Exercise directions:
Your reply should repeat, exactly, the line containing "Ubiquiti UniFi Security" and the rest of the material after it.

Dataset excerpts:
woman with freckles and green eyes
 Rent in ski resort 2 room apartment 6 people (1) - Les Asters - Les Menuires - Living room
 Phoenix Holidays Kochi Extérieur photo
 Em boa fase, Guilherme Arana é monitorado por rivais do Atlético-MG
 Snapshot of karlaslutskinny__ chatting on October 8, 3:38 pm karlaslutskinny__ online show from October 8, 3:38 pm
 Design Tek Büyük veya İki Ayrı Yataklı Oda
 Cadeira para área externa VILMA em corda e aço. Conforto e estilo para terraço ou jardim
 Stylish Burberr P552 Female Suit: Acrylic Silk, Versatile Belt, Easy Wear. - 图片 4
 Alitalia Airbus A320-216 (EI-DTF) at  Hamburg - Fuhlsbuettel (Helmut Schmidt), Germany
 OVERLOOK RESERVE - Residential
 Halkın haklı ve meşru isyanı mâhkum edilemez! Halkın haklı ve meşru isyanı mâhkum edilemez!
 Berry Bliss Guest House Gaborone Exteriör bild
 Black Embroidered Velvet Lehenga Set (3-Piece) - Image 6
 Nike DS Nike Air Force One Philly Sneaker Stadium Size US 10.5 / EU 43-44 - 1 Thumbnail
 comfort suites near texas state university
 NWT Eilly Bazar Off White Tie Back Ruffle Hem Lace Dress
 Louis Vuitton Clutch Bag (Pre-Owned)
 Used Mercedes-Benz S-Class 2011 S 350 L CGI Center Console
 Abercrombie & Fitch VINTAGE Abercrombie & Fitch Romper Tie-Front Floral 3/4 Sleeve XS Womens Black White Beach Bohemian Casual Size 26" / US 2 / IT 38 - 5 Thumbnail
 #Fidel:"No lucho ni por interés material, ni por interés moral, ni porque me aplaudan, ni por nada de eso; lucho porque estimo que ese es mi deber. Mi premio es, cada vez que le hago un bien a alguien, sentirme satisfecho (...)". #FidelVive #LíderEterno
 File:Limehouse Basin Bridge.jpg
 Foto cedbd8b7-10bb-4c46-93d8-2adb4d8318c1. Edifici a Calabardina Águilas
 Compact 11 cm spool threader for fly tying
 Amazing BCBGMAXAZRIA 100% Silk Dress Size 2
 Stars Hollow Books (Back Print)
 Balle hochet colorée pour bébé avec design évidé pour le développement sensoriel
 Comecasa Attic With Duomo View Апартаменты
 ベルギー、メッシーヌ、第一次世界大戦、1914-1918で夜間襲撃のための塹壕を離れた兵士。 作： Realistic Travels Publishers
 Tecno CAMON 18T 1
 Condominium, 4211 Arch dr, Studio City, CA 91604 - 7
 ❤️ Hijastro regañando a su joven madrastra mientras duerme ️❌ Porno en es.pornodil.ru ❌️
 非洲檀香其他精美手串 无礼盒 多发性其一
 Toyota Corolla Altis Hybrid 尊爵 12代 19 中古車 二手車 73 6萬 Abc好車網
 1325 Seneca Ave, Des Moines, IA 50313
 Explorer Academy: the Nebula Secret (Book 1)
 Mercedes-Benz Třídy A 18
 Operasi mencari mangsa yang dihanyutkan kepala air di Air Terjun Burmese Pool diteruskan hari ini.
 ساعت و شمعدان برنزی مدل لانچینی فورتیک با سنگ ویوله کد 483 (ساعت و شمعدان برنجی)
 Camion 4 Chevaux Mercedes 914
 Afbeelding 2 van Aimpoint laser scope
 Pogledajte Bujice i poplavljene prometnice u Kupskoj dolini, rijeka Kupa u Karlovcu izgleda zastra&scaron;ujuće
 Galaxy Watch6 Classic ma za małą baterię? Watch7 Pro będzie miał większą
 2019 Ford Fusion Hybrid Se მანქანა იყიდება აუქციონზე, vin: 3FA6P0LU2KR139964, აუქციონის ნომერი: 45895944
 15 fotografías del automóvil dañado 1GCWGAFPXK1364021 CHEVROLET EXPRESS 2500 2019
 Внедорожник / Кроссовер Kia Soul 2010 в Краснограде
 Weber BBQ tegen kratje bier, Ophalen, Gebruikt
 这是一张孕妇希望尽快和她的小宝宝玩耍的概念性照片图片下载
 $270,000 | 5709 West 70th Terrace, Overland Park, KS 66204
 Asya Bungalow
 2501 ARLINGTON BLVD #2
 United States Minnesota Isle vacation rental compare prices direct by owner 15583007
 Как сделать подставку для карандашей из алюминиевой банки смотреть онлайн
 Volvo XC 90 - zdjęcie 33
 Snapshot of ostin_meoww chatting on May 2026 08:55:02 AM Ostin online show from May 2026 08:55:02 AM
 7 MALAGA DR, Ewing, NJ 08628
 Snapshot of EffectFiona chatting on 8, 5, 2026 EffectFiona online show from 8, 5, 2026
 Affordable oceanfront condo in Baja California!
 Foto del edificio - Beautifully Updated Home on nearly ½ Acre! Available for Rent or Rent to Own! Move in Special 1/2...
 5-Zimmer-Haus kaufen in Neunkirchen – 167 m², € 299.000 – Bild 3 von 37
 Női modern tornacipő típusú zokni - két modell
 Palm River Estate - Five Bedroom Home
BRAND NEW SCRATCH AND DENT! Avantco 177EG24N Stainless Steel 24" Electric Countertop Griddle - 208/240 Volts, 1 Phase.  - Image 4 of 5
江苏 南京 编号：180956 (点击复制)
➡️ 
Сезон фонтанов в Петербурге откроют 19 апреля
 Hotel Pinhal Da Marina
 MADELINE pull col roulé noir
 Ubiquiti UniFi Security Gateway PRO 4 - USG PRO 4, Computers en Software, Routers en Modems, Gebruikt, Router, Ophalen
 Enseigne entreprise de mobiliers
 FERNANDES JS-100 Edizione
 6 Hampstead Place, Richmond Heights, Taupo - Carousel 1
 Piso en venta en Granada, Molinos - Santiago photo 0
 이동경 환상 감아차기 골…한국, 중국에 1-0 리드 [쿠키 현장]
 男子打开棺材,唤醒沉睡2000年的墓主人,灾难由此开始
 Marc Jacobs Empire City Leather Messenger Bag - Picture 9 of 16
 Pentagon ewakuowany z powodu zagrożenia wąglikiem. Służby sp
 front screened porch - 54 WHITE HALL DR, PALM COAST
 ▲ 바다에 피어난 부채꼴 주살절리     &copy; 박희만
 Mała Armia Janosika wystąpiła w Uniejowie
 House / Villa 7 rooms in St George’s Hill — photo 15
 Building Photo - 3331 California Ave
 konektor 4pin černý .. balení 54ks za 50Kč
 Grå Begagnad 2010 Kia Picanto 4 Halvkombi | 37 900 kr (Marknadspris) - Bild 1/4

Completed task:
 Ubiquiti UniFi Security Gateway PRO 4 - USG PRO 4, Computers en Software, Routers en Modems, Gebruikt, Router, Ophalen
 Enseigne entreprise de mobiliers
 FERNANDES JS-100 Edizione
 6 Hampstead Place, Richmond Heights, Taupo - Carousel 1
 Piso en venta en Granada, Molinos - Santiago photo 0
 이동경 환상 감아차기 골…한국, 중국에 1-0 리드 [쿠키 현장]
 男子打开棺材,唤醒沉睡2000年的墓主人,灾难由此开始
 Marc Jacobs Empire City Leather Messenger Bag - Picture 9 of 16
 Pentagon ewakuowany z powodu zagrożenia wąglikiem. Służby sp
 front screened porch - 54 WHITE HALL DR, PALM COAST
 ▲ 바다에 피어난 부채꼴 주살절리     &copy; 박희만
 Mała Armia Janosika wystąpiła w Uniejowie
 House / Villa 7 rooms in St George’s Hill — photo 15
 Building Photo - 3331 California Ave
 konektor 4pin černý .. balení 54ks za 50Kč
 Grå Begagnad 2010 Kia Picanto 4 Halvkombi | 37 900 kr (Marknadspris) - Bild 1/4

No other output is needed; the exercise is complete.